You might have heard of SSDs before. (Hint: They’re in our name!) SSDs are form factor—a certain size and shape of hardware—and use solid-state storage technology to store your data using, most commonly these days, 3D TLC NAND-based flash memory. Solid-state storage is a type of non-volatile memory and uses only electronic circuits to read and write data.
So, both SSDs and NVMe disks use solid-state storage to store your data. But this whole piece is about what NVMe is and why it’s better. What’s the difference?
The answer is in the NVMe.
The e in NVMe stands for Express, remember? In this case, Express refers to the new hardware interface protocol that was “designed to capitalize on the low latency and internal parallelism of solid-state storage devices.” (source) This means than an NVMe drive connects solid-state storage to the rest of the machine using a newer, faster interface.
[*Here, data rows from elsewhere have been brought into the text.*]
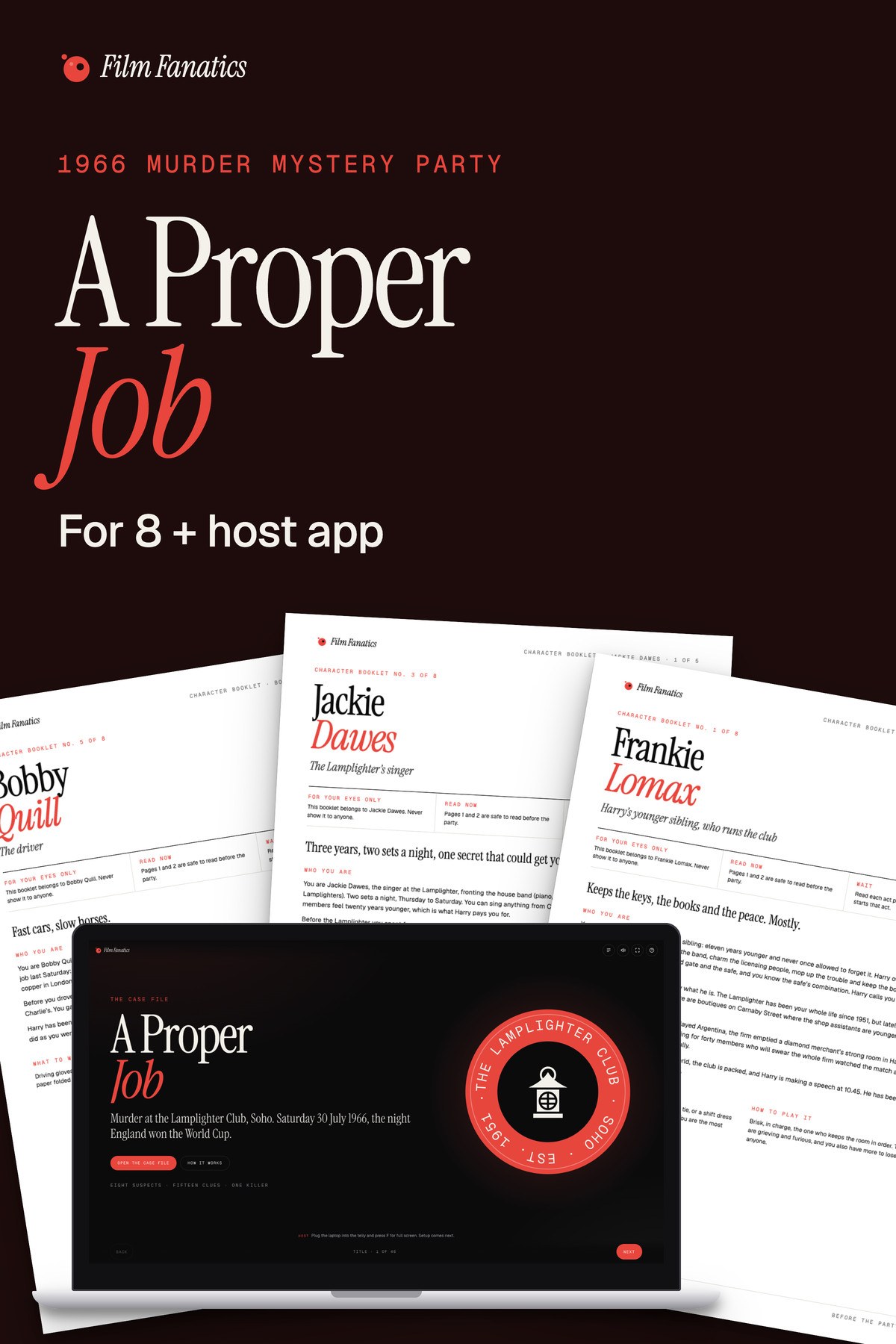 A Proper Job, Murder at the Lamplighter: a 1966 murder mystery party for 8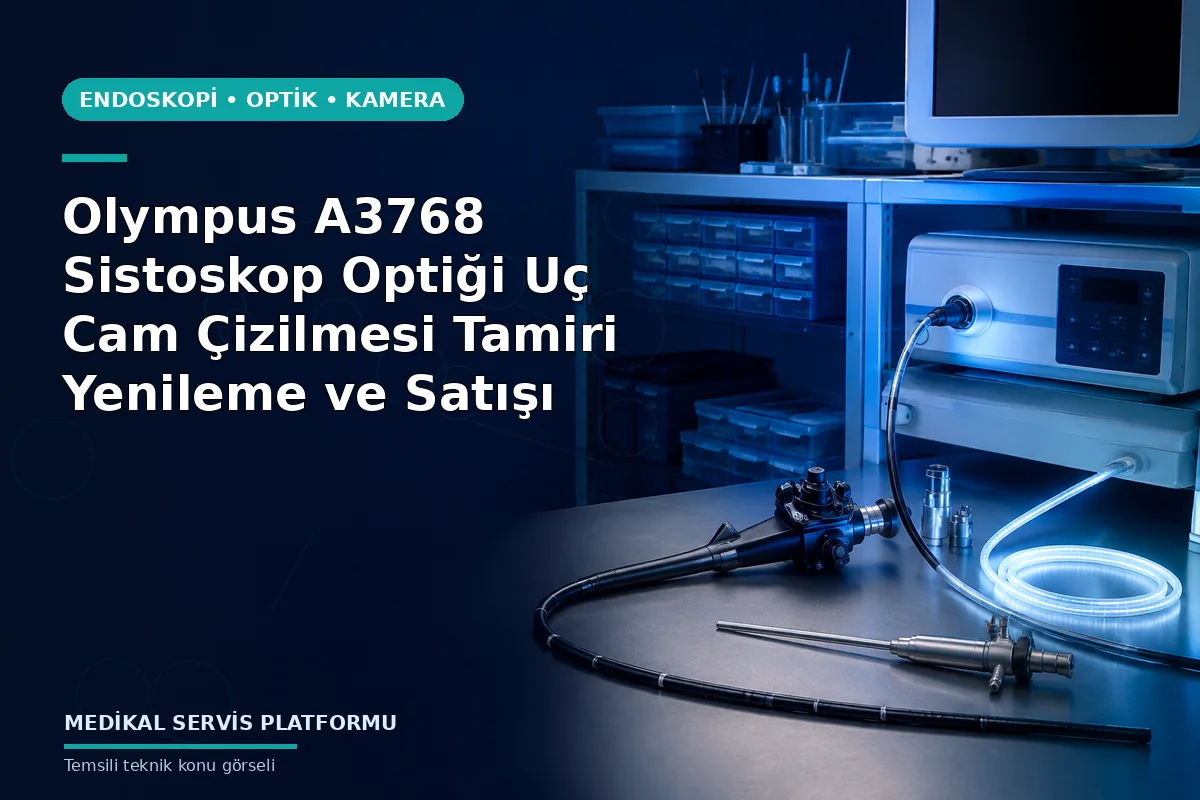 Olympus A3768 Sistoskop Optiği Uç Cam Çizilmesi Tamiri Yenileme ve Satışı konusunu açıklayan temsili teknik görsel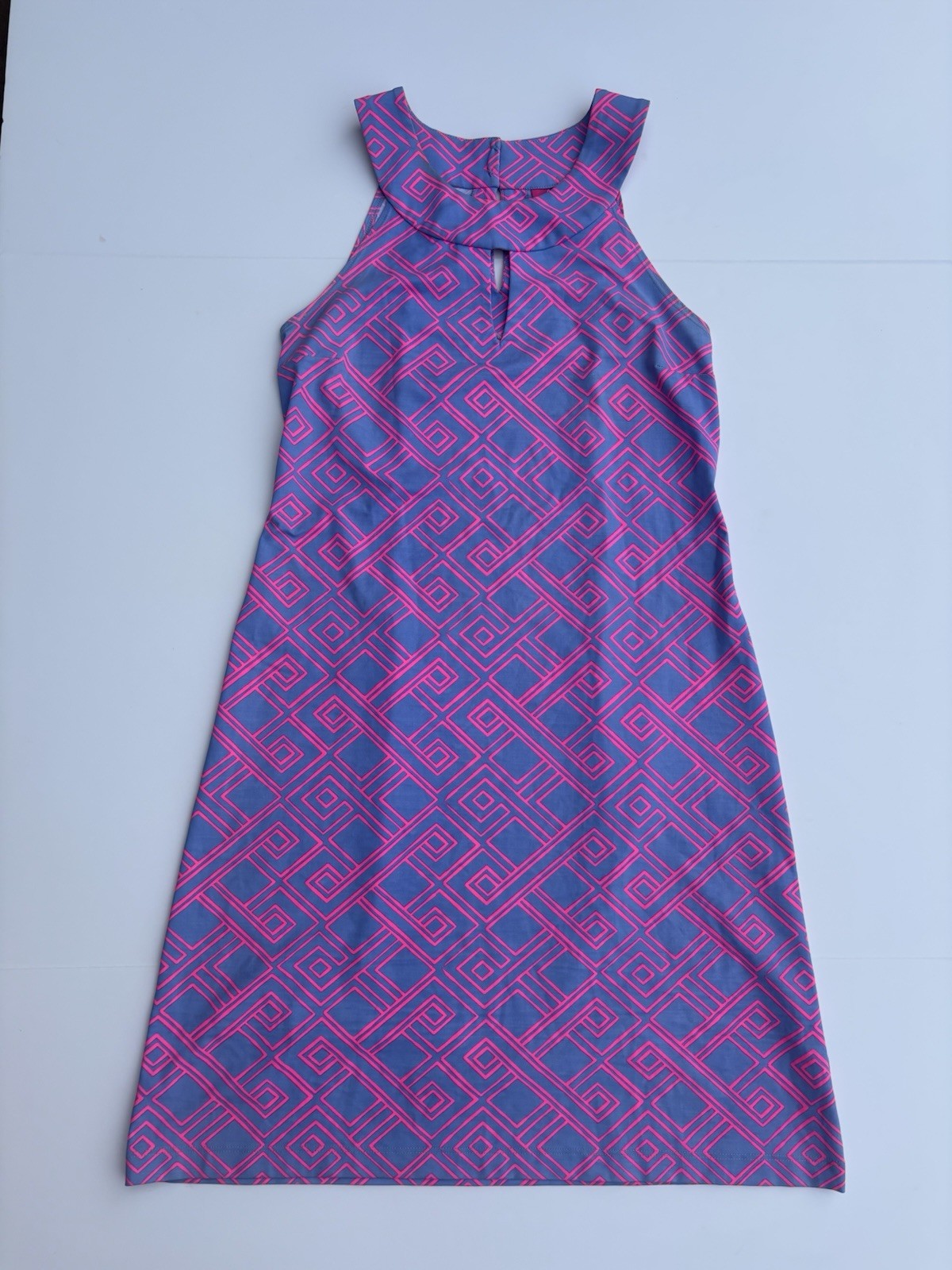 Britt Ryan Size M Pink Blue Bright Sleeveless Sheath Keyhole Geometric Pattern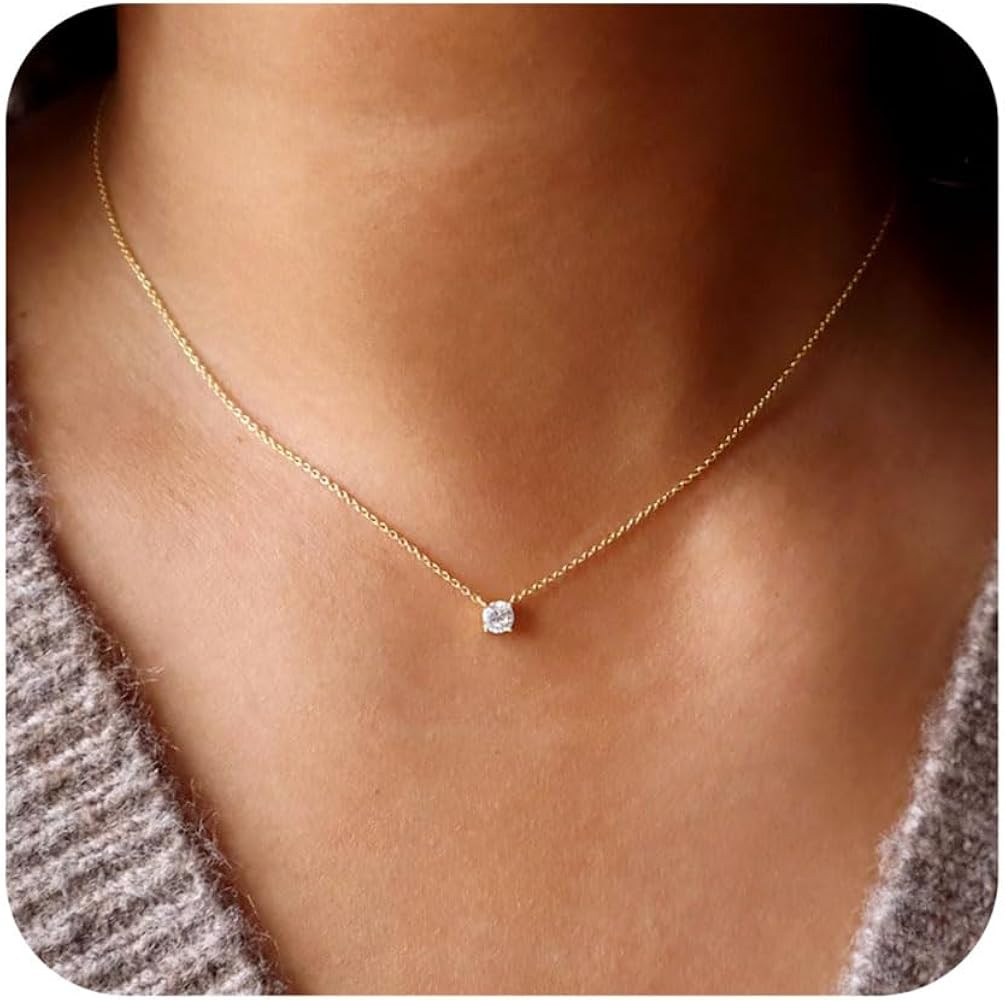 14k Gold Plated Cubic Zirconia Diamond Pendant Necklace Dainty Simple Gold Choker Necklaces for W... | Amazon (US)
That’s the difference between an SSD and NVMe drive: Both use the same solid-state storage technology to hold your data, but NVMe uses a much faster hardware interface.
Breaking to all down
When we say “SSD,” as in “SSD cloud hosting,” it means that we’re talking about solid-state storage connected via slower SAS or SATA interfaces.
When we say “NVMe,” as in “NVMe cloud hosting,” we’re talking about solid-state storage connected via the next-generation Express interface.
Our history with NVMe cloud hosting
As our head of engineering Daniel outlined in his NVMe launch post, we’re been looking at NVMe for white some time now. Crafting part specifications, finding vendors, and putting all the pieces together simply takes time.
But NVMe cloud hosting has come to SSD Nodes! To learn more and deploy a 10X server of your own, visit our 10X product page.
It’s so good we might have to rename ourselves NVMe Nodes.
Daniel has the goods on our exact hardware:
Eventually, we insisted that vendors use Intel DC P4610 NVMe drives with a U.2 interface. (We needed the 7.68TB drives, as nothing on our platform is small). … They were a brand we know and trust, as we already use a lot of Intel SSDs in production, without a single failure.
Why it’s faster and by how much
As I mentioned earlier, the Express interface is a vast improvement over previous SAS/SATA interfaces. Let’s grab a few choice quotes from Daniel for some numbers:
A good SSD drive might be able to read 550 megabytes of data per second (sequentially) and write 520 megabytes per second, assuming it is connected to a fast SAS or SATA disk interface.
This same drive might be capable of 10,000 input/output operations per second (IOPS) random read as well.
A good NVMe drive might deliver 3,000 megabytes per second (sequential) read/write and 600,000 IOPS (random read).
We can now make the pretty direct comparison:
SSD | NVMe 550 MB/s read | 3,000 MB/s read 520 MB/s write | 3,000 MB/s write 10,000 IOPS | 600,000 IOPS
Our Intel DC P4610 NVMe drives score a little bit better than that—3,200 MB/s and 640,000 IOPS—but we’ll stick with Daniel’s predictions.
The difference is pretty clear: NVMe offers about 6X faster data transfer and up to 60X better IOPS performance. We do that one a little better by mirroring all our customers’ data across multiple drives.
We effectively double our read performance (shared by all customers on the host node)—the equivalent of 6,400 megabytes per second and 1,280,000 IOPS random read.
Mirroring theoretically brings read performance to roughly 11X faster that SSD—data which we’ve proven through benchmarks:
Test results for NVMe KVM - Large at SSD Nodes Server specs: 4 × Intel(R) Xeon(R) Gold 6140 CPU @ 2.30GHz 31 GB RAM / 168 GB disk space Centos 7.5.1804 Core Benchmark results summary: UnixBench - 3792.1 Disk Read - 6766 MB/s Disk Write - 1471 MB/s Bandwidth - 1560.67 MB/s More: https://serverscope.io/trials/aODJ
All in all, NVMe is already a proven storage technology that’s going to change the way we use computers. Eventually your desktop/laptop will have an NVMe drive inside it, and you’ll experience the speed while gaming or opening a giant PDF. But, when it comes to servers, NVMe is already here. And, based on the feedback we’ve already gotten, it’s a definite revolution.
It’s like the move to SSDs that happened years ago, but now on hyperdrive. We’re excited to see what our users do with it.